Page 44 of Cromwell


  But Cromwell’s worries over Dick were probably justified. The son’s portrait shows a face of infinitely softer contours than his father’s; gone are the musing wonderful eyes; the mouth is over-sensitive; the whole expression sweet and a little timid. The contemporary verdict on him in youth was correspondingly of a rather weak, gentle young man, whom Lucy Hutchinson called a peasant by nature – country gentleman might have been a kinder way of putting it. Perhaps he had been unfortunate in growing to manhood at the exact period of his father’s meteoric rise to national fame as a military leader (his dead brothers were both grown up before Oliver left obscurity). At any rate the father continued to mull over the son’s deficiencies long after the marriage ceremony had officially parted them; Oliver had a particular obsession about Dick’s reading matter. In the summer he urged Richard Mayor to get his new son-in-law to read more, perhaps history and geography might do the trick. A year later, from Ireland, Oliver personally adjured Dick to read Raleigh’s History of the World, a book whose contents make it easy to understand why Cromwell, not at first sight a particularly bookish man, should single it out for special approbation. Raleigh’s message accorded all to well with Oliver’s own theories: his whole history was designed to show that “an omnipotent God visits upon sinful men and nations just and inevitable punishments”. In another phrase Raleigh wrote: “There is not therefore the smallest accident, which may seem unto men as falling by chance and of no consequence, but that the same is caused by God to effect somewhat else by .. .”15 It was no wonder that Oliver, raised on the doctrines of Dr Thomas Beard, swore by the book, and recommended it so passionately to the laxer Richard.

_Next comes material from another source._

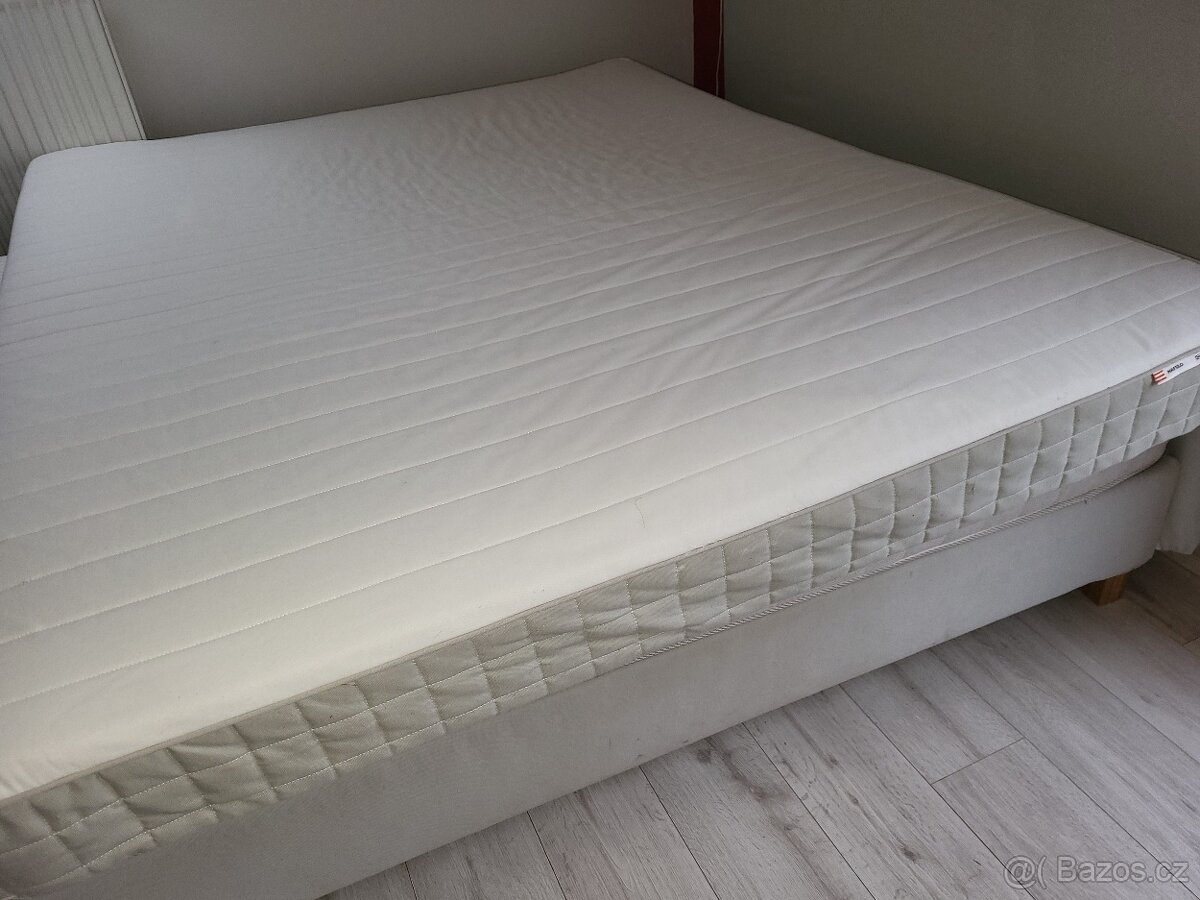 Čalouněné dvoulůžko IKEA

  Otherwise Oliver, while encouraging Dick as a correspondent (“I take your letters kindly: I like expressions when they come plainly from the heart, and are not strained or affected”) was full of the more spiritual advice that he was fond of spreading about his children as they grew up. Dick was adjured to “Seek the Lord and His face continually” as Bridget had once been. Like Bridget, the subject of his marriage was touched upon, although introduced with slightly more tact in deference to Richard’s masculinity: “You will think (perhaps) I need not advise you to love your wife. The Lord teach you how to do it, or else it will be done ill-favouredly. Though marriage be no instituted Sacrament, yet here the undefiled bed is, and love, this union aptly resembles Christ and His Church. If you can truly love your wife, what [love] doth Christ bear to His Church and every poor soul therein.”16 Taken in conjunction with the somewhat similar comparisons expressed to Bridget on the image of Christ to be found in her bridegroom, and the vivid personal interest which Oliver continued to take in the relationship of Dick and Doll, one gets the impression that his vicarious role as match-maker cum Puritan father was one that Oliver Cromwell much enjoyed.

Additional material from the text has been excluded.